One of the ideal goals of Yerf was acting as a professional portfolio site for artists who wanted to pitch anthropomorphic fiction ideas for comics or illustrated books: the idea was to have a respectable site with some quality standards so that you could actually link to you personal gallery there when dealing with art directors and they wouldn’t accidentally stumble onto porn or obvious beginner stuff while browsing around. (As naive as this may sound, keep in mind that quality standards for indie productions were much lower in the 90s and early 2000s than they are now, so it was not a completely crazy idea.)

With this in mind, Butler’s early works could look like nothing more than a beginner’s clumsy attempts at making a portfolio and a pitch for a long term comic project, and maybe they were that too - but that’s only half of the story, the surface part. There is something more visceral about these pictures which can only be understood by further putting them in context.


The moment I saw these drawings many years ago I was a beginner artist too, and I immediately recognized a spark of something in them, even though I didn’t care for the particular artist’s style. The disjointed scenes, the evolving character designs, the isolated comic pages illustrating seemingly random moments in the story, the odd mix of Saturday Morning Cartoon cuteness and mature fantasy tropes closer to the artistic vision of Don Bluth. It all felt familiar. I knew where the artist’s ideas were coming from, which kind of spark was prompting her to put them on paper in that disjointed way.

I knew because I had my own comic ideas, and the were exactly like that. There was a vague overall story but the details and even major plot points were changing all the time. The characters I had in mind were a mishmash of styles and archetypes stitched together from anime, fantasy games and what I wish Western TV cartoons would have been.

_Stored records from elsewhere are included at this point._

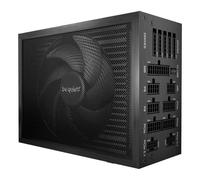 Fonte di Alimentazione Be quiet Dark Power Pro 14 IO 1600W Certificazione 80 PLUS Titanium modulare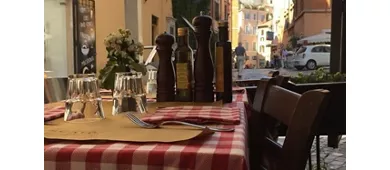 Mercato Hostaria Roma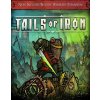 Tails of Iron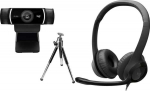 Logitech &bdquo;Komputer Game X G100&ldquo;, &bdquo;Core i3-10100F&ldquo;, 8 GB, RTX 3060, 1 TB M.2 PCIe&ldquo;
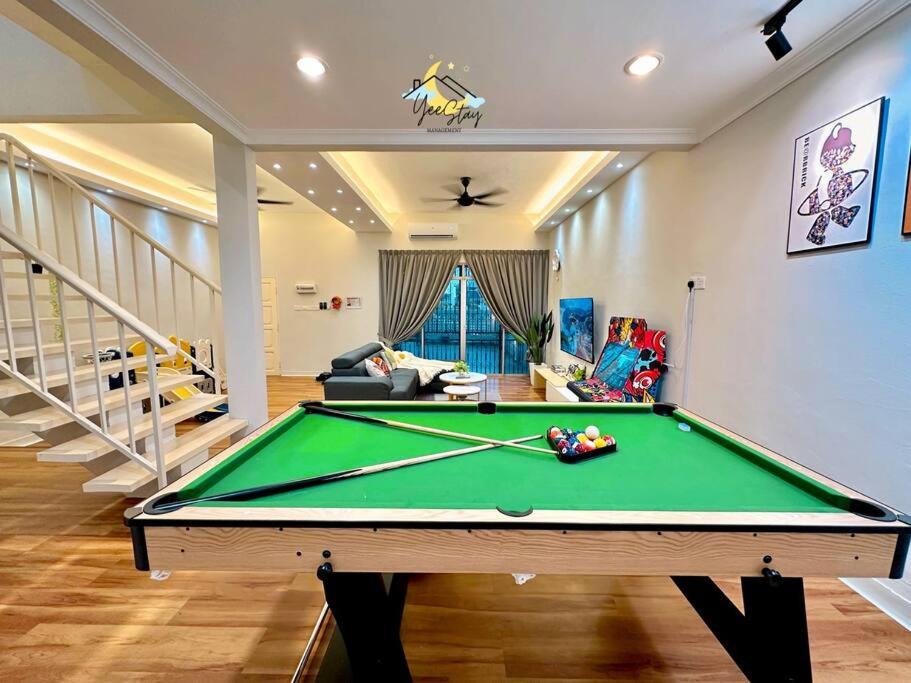 Photo of Livingroom in Malacca City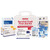 Orion Survival Craft First Aid Kit - Hard Plastic Case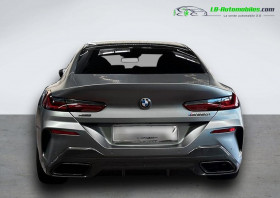 Bmw Serie 8 M850i xDrive 530 ch BVA  occasion  Beaupuy - photo n6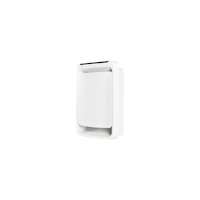 Radiateur ventilateur mural pour salle de bain Stelpro Oasis, 2 000 W, blanc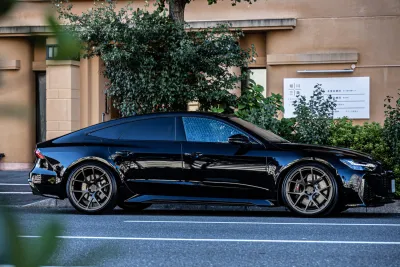 RS7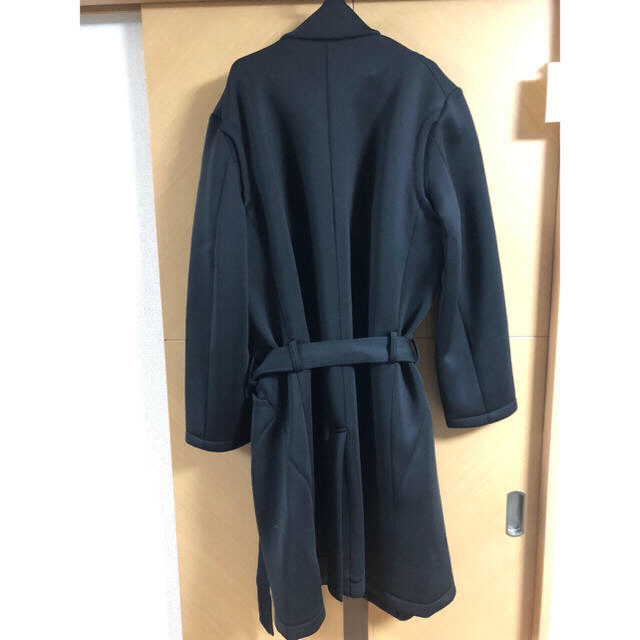 Y-3 コート yohji yamamoto - メルカリ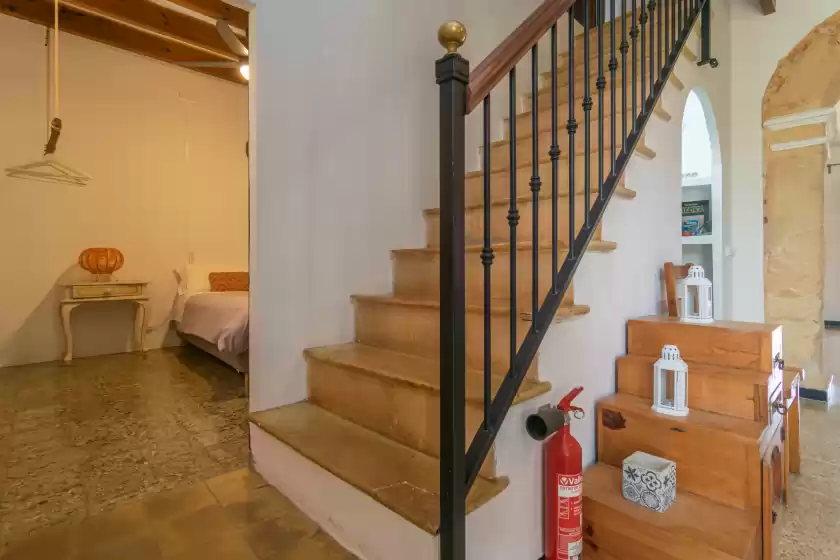 Ferienhaus auf Son indiot, Algaida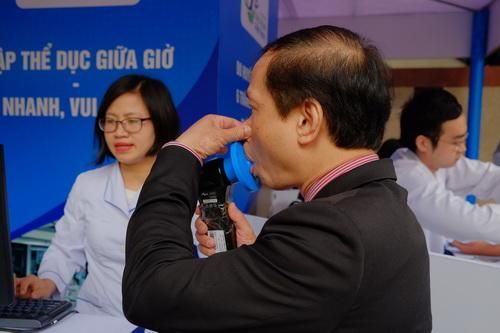 11 lời khuyên giúp tránh xa hen suyễn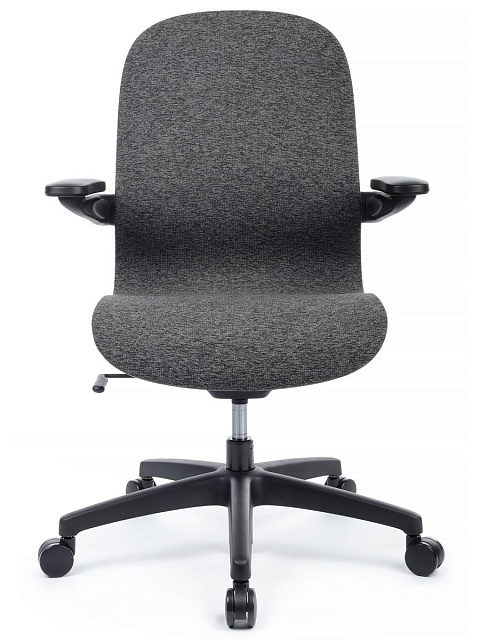 Кресло для сотрудников Miller (YX-300)
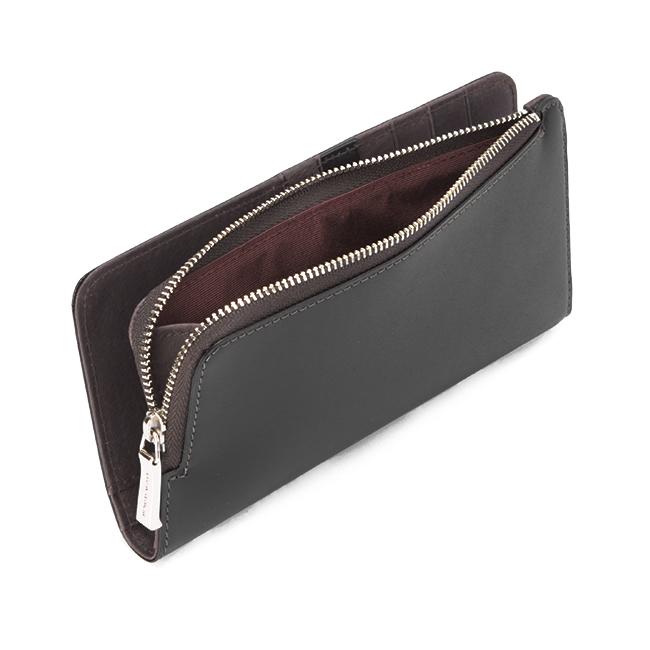 最大51% 3/30限定 タケオキクチ 財布 長財布 メンズ ブランド 本革 大容量 レザー 薄型 薄い財布 スリム ピエール TAKEO KIKUCHI 181615 | TAKEO KIKUCHI | 15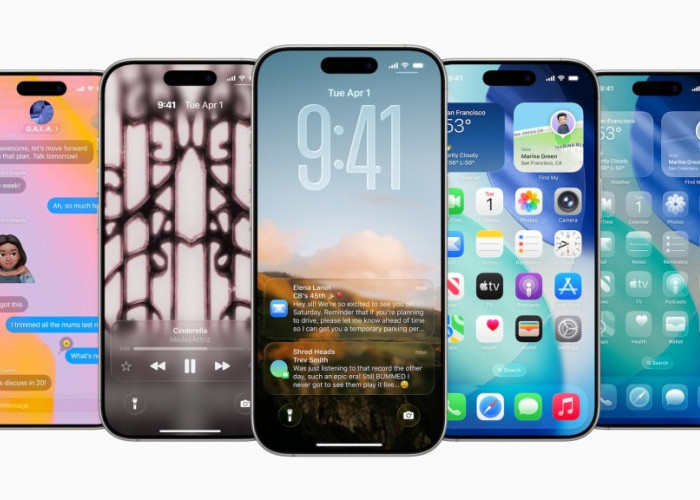   Cara Mudah Aktifkan Mode Gelap WhatsApp di Android dan iPhone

Butler’s early works were not deliberate concept art, but snapshots of her evolving story-oriented inner world, taken as she was exploring it and letting it grow freely rather than shaping it in pursuit of a career goal. They are budding imagination seen in the process, with very few filters applied. Nowadays this is among my favorite types of art. I find looking at it as fascinating as watching a young animal move its first steps, and in a way that’s exactly what it is: the product of a still untrained mind learning learning to know itself, its interests and limits, jolting with excitement every time it discovers some new inner working to add to the artist’s developing mental toolbox.


At the core of furry fandom art lies the wish to keep one’s cherished childhood fantasies alive, not frozen in time and locked away, but evolving and growing along. A quote from Van Gogh's letters comes to my mind here:
The best pictures are always those one dreams of when one is smoking a pipe in bed, but which never get done.

But we, I mean we furry artists, we actually escaped that paradox. Artists like Tracy Butler got up from the bed and got those pictures done in all their honest inconsistency.

There are people who notice and appreciate that. I did. I still do.


I suspect that no works involving refined worldbuilding or a consistent storyline will ever nail the feeling of this kind of growing experience, which is also why furry as a genre has a troubled relationship with mainstream tastes. Butler’s early art could never have made it to the mainstream but it is heartily representative of modern furry art.

I’m sure the artist herself is aware of all this. That’s why she doesn’t call Lackadaisy “furry” and doesn’t consider herself a furry artist any more. As mentioned before, I agree. Lackadaisy is a mature and completely self-aware artist’s work and it belongs to a different art world in which the naive qualities of furry art would be out of place. Sometimes an artist’s early ideas can be grown into a consistent story fit for the mainstream world, but in most cases it’s better for them to remain a personal thing - a refuge, an inspiration for things to come. Many artists seem to set them aside completely and keep them as static memories, but being a long time furry artist and knowing how fiercely furry fantasies fight to stay alive I’d be surprised if Butler wasn’t going back to visit her old story world from time to time, still tinkering with details, still discovering new nuances of the characters, still crafting bits of an elusive epic story.